21 Mart 2010 Pazar

Roma Notları

Yazılarda değinmediğim ama bence önemli olan kimi noktaları es geçmemek gerek.

- Öncelikle çizgi roman tutkunlarına. İtalyan çizgi roman tutkunları için italyanca bilmemek işkence gibi. Bütün gazete bayiilerinde bir çizgi roman bölümü mevcut (hele Termini tren istasyonundakini görmelisiniz) ve çoğu bizde de olan ama bir kısmı olmayan ve insanda derin merak uyandıran ve de Julia gibi artık yayınlanmayan çizgi romanları görünce insan delirmiş gibi oluyor. Tex’in süper star muamelesi görmesi ise ayrıyetten sevindirici




- Müzelerdeki çoğu görevli ya yabancı dil bilmiyor ya da Berlusconi’nin köylüsü filan.
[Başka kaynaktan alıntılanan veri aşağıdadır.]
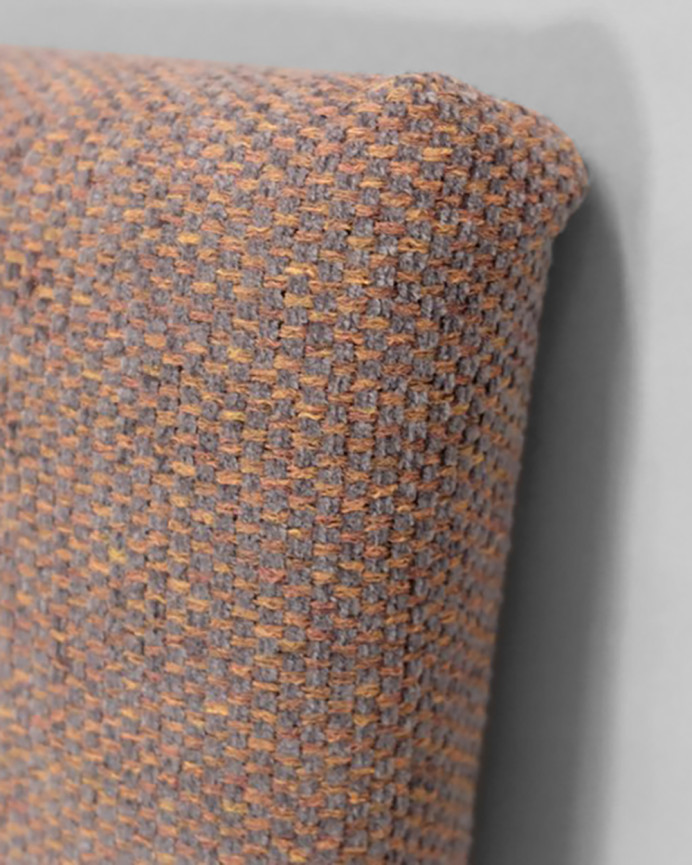 Upholstered headboard in smooth polyester in orange color of various sizes.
Bu kadar mı kaba ve anlayışsız olur görevliler pes doğrusu. Sanki müzelere girince her şeye zarar verecekmişsiniz duygusu uyandırıyorlar insanda ve de bir o kadar da antipatikler.

- Trafiğin hep keşmekeş olduğu söylenir Roma’da ama ya bizim bulunduğumuz bölge bunun dışında ya da İstanbuldan sonra trafik hiçbir yerde sorun olarak gözükmüyor.

- Bir de trafik demişken, yayaya korkunç bir saygı var. Ya kanunlar ve cezalar ile (kesinlikle öyle olduğunu düşünüyorum) ya da insana saygı gereği. Kırmızı ışıkta bile karşıdan karşıya geçmeye kalksanız araçlar duruyor ve geçmenizi bekliyor. Siz geçmeden geçen olmuyor. Şaşırtıcı. Gerçi Avrupa’da hep böyle ama İtalya için hep farklı söyleniyordu.

- Bütün rehber kitaplarda hırsızlık üzerine çok şey var. İstanbul tecrübesi ile bunlarla karşılaşmak çok düşük olasılık.

- Yemeklerden önce mutlaka Bruschetta isteyin. Kızarmış sarımsaklı ekmek üzeri zeytinyağ ve domates. Ama mükemmel.


1 yorum:

  1. bruschetta yapıyorum ben evde, italyanlarınki gibi oluyo mudur bilmem ama harbiden lezzetli bişey. zaten zeytinyağı & domates & kekik üçlemesi geleceğe dönüş üçlemesi kadar güzel. birayı plastik bardakta vermeleri ise büyük gaddarlıkmış.